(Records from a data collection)
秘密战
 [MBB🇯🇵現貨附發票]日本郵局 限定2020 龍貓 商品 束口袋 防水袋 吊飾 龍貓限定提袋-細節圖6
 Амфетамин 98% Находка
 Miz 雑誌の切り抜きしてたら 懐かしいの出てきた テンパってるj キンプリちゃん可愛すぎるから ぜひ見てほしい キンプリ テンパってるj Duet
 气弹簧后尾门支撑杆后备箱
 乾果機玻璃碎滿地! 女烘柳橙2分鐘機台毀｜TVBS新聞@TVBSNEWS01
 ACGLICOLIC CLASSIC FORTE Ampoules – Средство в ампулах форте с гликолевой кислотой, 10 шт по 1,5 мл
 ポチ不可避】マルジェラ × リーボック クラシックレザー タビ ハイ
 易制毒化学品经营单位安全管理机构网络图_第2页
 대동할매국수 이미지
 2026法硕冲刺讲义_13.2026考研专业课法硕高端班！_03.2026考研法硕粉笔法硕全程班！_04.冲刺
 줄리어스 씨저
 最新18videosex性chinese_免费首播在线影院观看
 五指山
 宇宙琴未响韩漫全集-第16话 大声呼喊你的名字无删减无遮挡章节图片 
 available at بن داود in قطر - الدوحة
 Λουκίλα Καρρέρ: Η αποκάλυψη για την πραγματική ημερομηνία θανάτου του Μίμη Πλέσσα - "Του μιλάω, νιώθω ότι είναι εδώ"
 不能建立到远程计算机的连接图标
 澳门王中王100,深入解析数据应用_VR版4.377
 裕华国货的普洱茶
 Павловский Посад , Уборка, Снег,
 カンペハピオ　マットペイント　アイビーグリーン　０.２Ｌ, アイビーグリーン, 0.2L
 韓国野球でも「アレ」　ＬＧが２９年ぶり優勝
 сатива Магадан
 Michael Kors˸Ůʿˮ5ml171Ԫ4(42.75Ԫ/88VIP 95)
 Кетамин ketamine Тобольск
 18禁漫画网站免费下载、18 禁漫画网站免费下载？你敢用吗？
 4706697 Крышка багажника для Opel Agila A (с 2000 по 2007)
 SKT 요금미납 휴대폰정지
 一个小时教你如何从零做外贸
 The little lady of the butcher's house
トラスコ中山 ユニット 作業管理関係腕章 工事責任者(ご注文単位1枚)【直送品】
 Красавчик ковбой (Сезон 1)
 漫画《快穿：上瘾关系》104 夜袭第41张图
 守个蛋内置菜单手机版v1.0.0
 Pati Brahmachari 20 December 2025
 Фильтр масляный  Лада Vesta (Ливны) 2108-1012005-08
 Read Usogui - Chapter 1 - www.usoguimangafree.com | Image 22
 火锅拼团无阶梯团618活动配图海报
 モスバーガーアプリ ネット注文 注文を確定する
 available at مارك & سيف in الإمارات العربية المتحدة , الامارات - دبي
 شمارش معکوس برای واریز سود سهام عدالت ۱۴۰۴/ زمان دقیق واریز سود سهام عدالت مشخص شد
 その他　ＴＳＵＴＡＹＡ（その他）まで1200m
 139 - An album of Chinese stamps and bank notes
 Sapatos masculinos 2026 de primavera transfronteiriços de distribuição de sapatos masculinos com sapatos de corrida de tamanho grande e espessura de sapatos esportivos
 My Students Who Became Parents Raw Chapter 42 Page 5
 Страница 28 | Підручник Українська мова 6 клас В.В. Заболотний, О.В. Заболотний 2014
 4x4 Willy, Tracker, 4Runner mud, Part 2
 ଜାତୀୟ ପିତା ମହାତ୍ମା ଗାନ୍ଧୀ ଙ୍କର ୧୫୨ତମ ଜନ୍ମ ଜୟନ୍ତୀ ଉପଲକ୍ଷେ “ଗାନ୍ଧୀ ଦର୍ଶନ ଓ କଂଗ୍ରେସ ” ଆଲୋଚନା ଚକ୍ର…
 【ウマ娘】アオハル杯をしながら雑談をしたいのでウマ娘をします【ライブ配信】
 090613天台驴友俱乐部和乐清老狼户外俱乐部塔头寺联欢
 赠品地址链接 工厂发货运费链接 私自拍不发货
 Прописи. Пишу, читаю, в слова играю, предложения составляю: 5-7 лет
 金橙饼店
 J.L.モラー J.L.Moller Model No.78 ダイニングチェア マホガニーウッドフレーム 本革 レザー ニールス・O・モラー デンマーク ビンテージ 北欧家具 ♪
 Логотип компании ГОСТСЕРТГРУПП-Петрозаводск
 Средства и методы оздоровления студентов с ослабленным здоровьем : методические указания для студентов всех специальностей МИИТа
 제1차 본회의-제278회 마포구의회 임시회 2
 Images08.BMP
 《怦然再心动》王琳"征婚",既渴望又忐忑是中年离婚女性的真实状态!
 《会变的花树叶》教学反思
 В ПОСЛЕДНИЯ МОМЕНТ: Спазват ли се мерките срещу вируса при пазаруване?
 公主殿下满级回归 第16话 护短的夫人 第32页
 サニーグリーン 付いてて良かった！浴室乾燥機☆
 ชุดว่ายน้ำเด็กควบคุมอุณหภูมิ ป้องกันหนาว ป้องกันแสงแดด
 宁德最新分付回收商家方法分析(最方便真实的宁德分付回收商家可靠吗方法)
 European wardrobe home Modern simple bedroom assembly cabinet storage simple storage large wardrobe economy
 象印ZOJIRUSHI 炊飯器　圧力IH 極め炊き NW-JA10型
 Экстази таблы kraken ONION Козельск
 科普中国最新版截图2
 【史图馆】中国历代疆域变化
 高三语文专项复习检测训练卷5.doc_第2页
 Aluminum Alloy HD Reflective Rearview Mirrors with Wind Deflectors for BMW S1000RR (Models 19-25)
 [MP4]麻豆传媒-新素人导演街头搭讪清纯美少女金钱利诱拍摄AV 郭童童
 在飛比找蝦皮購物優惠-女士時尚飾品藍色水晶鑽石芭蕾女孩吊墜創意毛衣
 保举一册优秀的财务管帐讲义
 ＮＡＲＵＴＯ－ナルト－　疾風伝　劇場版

» **Work to complete**: Above this instruction are the records; retype exactly the lines from the one containing "Michael Kors˸Ůʿˮ5ml171Ԫ4(42.75Ԫ/88VIP 95)" up to and including the one containing "available at مارك".

» **Worked solution**:
 Michael Kors˸Ůʿˮ5ml171Ԫ4(42.75Ԫ/88VIP 95)
 Кетамин ketamine Тобольск
 18禁漫画网站免费下载、18 禁漫画网站免费下载？你敢用吗？
 4706697 Крышка багажника для Opel Agila A (с 2000 по 2007)
 SKT 요금미납 휴대폰정지
 一个小时教你如何从零做外贸
 The little lady of the butcher's house
トラスコ中山 ユニット 作業管理関係腕章 工事責任者(ご注文単位1枚)【直送品】
 Красавчик ковбой (Сезон 1)
 漫画《快穿：上瘾关系》104 夜袭第41张图
 守个蛋内置菜单手机版v1.0.0
 Pati Brahmachari 20 December 2025
 Фильтр масляный  Лада Vesta (Ливны) 2108-1012005-08
 Read Usogui - Chapter 1 - www.usoguimangafree.com | Image 22
 火锅拼团无阶梯团618活动配图海报
 モスバーガーアプリ ネット注文 注文を確定する
 available at مارك & سيف in الإمارات العربية المتحدة , الامارات - دبي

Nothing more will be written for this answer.